Nigel Brown: Any man over the age of 21 (or 18 in the case of University Lodges) can apply to join the Freemasons, regardless of race, colour, religion, political views or social or economic standing. It should also be noted that Freemasonry is a non-religious and non-political organisation, and discussion of politics and religion are forbidden at lodge meetings.
Mohammed Kayani tweets: How can one become a member?
Nigel Brown: Members can be recommended, or they can put themselves forward. There is detailed information about becoming a Freemason on the United Grand Lodge of England's website. If individuals don't know anyone who is a member, they can either contact a Masonic Office in their area, or contact the United Grand Lodge of England via the website.
Nasiru Saadu in Abuja, Nigeria, emails: What does the one-eyed symbol on their flags signify?
Nigel Brown: The symbol you are referring to is known as the All Seeing Eye. It is a reminder of the existence of a higher being.
Amanda Luxton in Southend-on-Sea emails: Do magistrates have to declare their membership to the Masons, as well as other judges within the Ministry of Justice?
Nigel Brown: No, none of them do and we are also working hard in other professions to stamp out discrimination. The European Court of Human Rights ruled in 2007 that in a modern democratic society it was discriminatory to single out Freemasons from the many voluntary organisations an individual can belong to and require them to register their membership with their employers.
Ana Milena Gongora in Colombia writes: Which conspiracy theory do Freemasons feel most annoyed about or consider the most awkward?

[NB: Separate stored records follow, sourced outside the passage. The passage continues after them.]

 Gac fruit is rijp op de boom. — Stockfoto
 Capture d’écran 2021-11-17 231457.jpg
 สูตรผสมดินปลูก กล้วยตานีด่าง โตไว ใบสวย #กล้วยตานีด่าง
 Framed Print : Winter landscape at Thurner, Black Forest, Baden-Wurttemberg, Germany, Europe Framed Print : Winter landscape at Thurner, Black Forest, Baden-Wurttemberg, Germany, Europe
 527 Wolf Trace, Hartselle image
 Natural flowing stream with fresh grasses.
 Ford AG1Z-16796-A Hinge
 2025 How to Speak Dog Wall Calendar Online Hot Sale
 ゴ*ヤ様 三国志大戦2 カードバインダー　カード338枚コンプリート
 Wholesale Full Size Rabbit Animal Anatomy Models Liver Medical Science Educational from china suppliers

Nigel Brown: All conspiracy theories annoy us as they are just that - conspiracy with no truth or grounding. Part of the reason for our current activity is to dispel all the myths and conspiracy theories attached to Freemasonry.
Geoff Sandham in Oxford emails: What is the point of being a Mason? Is it fun - like going to the pub with a group of friends or does it serve the individual in a wider context?

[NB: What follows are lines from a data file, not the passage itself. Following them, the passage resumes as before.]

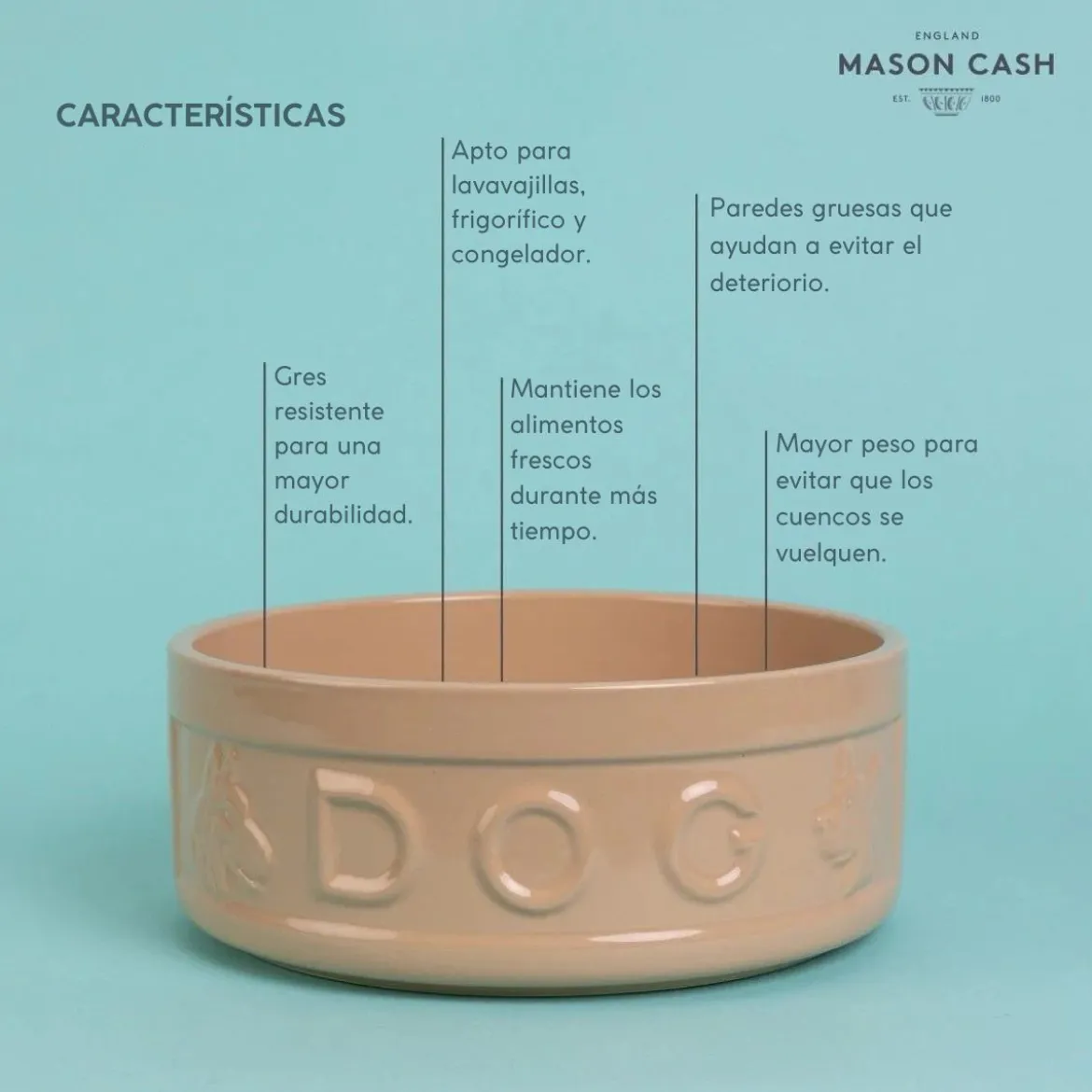 Bol cerámico para perros y mascotas Mason Cash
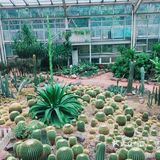 攻略:带你打卡成都植物园。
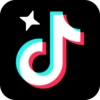 TikTok Pro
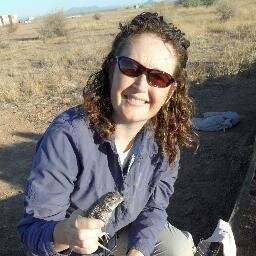 Professor, Arizona State University | Field ecologist, herpetologist interested in how human land-use affects wildlife in dryland & urban areas. #HERper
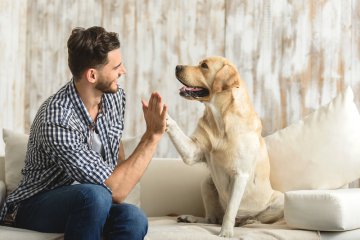 Tierkommunikation  wie kommunizieren Tierkommunikatoren mit dem Tier? Foto: © Olena Yakobchuk @ shutterstock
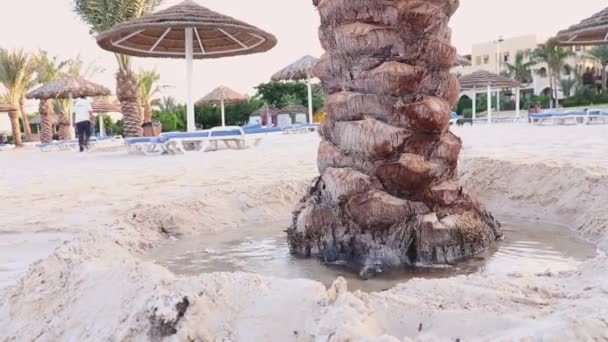 Automatische Bewässerung einer Palme am Strand des Resorts am frühen Morgen. — Stockvideo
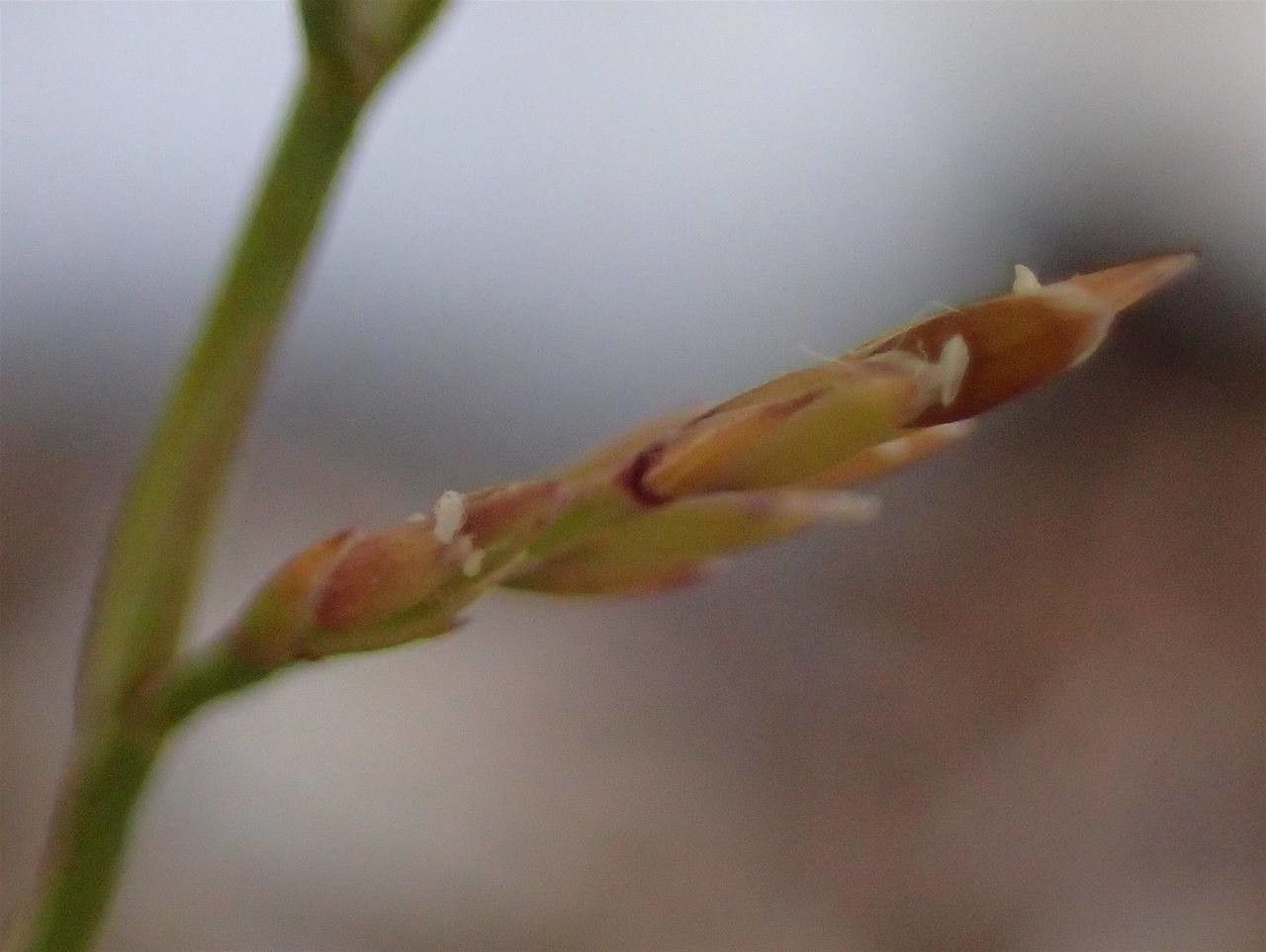 Catapodium rigidum fruit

and Igen in Warri, Nigeria, writes: What are the benefits for members who intend to join the society?
Nigel Brown: There are many different reasons why people join the Freemasons - one of the main reasons is camaraderie. Many friendships made through Freemasonry endure for life, and lodge dinners which follow our formal meetings offer members the opportunity to enjoy each others' company in a more relaxed and informal environment.
Other reasons put forward during the research for The Future of Freemasonry report include a sense of belonging and structure - which are not always easy to find in today's fragmented society - and a desire to help other people by getting involved in the local community.
Most importantly of all though, Freemasonry is all about enjoyment - if members didn't enjoy Freemasonry they would not remain part of the organisation in the way that they do.
Susan Moon in Tyne and Wear asks: If the top cop was a Freemason, would he "stretch" the rules if another Freemason broke the law?
Nigel Brown: Absolutely not - networking within Freemasonry and trying to use it for personal gain is completely forbidden.
Rachel in London asks: Is Freemasonry compatible with humanism?
Nigel Brown: The prime qualification for admission into Freemasonry is a belief in a supreme being. Having some form of religious belief is the one thing that all Freemasons have in common, whatever their backgrounds might be. As humanists do not believe in any form of higher power they cannot fulfil that prime qualification.
Michael Lashford-Spinks in Gloucestershire asks: I am a retired carver, is Freemasonry linked to craft trades?
Nigel Brown: Organised Freemasonry, as we understand it today, began with the formation of the Grand Lodge of England in 1717 - hence our tercentenary celebrations in 2017. While not directly linked, we have taken a lot of our symbolism from stonemasonry. As with stonemasonry, Freemasonry is about moving from level to level as you gain further knowledge and experience, starting with being an apprentice.